- Asomtavruli
- Mkhedruli
- Nuskhar Khutsuri



History of Georgia Georgian shares an ancestral language with Mingrelian/Laz and Svan. Georgian as separate from the other Kartvelian languages would have emerged in the 1st millennium BC in the area known later as the Kingdom of Iberia. The earliest allusion to spoken Georgian may be a passage of the Roman grammarian Marcus Cornelius Fronto in the 2nd century: Fronto imagines the Iberians addressing the emperor Marcus Aurelius in their “incomprehensible tongue”.[4] The evolution of Georgian into a written language was a consequence of the conversion of the Georgian elite to Christianity in the mid-4th century. The new literary language was constructed on an already well-established cultural infrastructure, appropriating the functions, conventions, and status of Aramaic, the literary language of pagan Georgia, and the new national religion.[3] The first Georgian texts are inscriptions and palimpsests dating to the 5th century.

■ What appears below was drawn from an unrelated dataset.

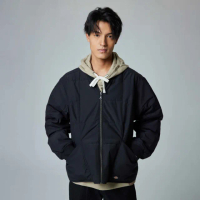 【Dickies】男款黑色羅紋立領舒適保暖絎縫設計休閒外套｜DK0A4Z35BLK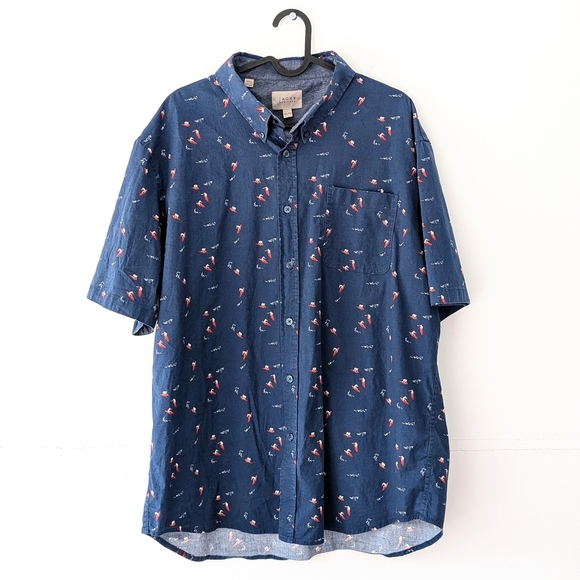 Jachs NY Men's Blue Short Sleeve Button-Up Shirt with Surfer Pattern ~ Size XL - Picture 3 of 6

Georgian has a rich literary tradition. The oldest surviving literary work in Georgian is the 5th century Martyrdom of the Holy Queen Shushanik (წამებაჲ წმიდისა შუშანიკისი დედოფლისაჲ) by Iakob Tsurtaveli. In the 11th century, Old Georgian gives rise to Middle Georgian, the literary language of the medieval kingdom of Georgia. The Georgian national epic, Shota Rustaveli’s The Knight in the Panther’s Skin (ვეფხისტყაოსანი), dates from the 12th century. In 1629, Alphabetum Ibericum sive Georgianum cum Oratione and Dittionario giorgiano e italiano were the first two books printed in the Georgian language using movable type in Rome supported by the Congregation for the Evangelization of Peoples of the Catholic Church for their evangelical movement in Georgian kingdoms. This marked the beginning of the modern Georgian language.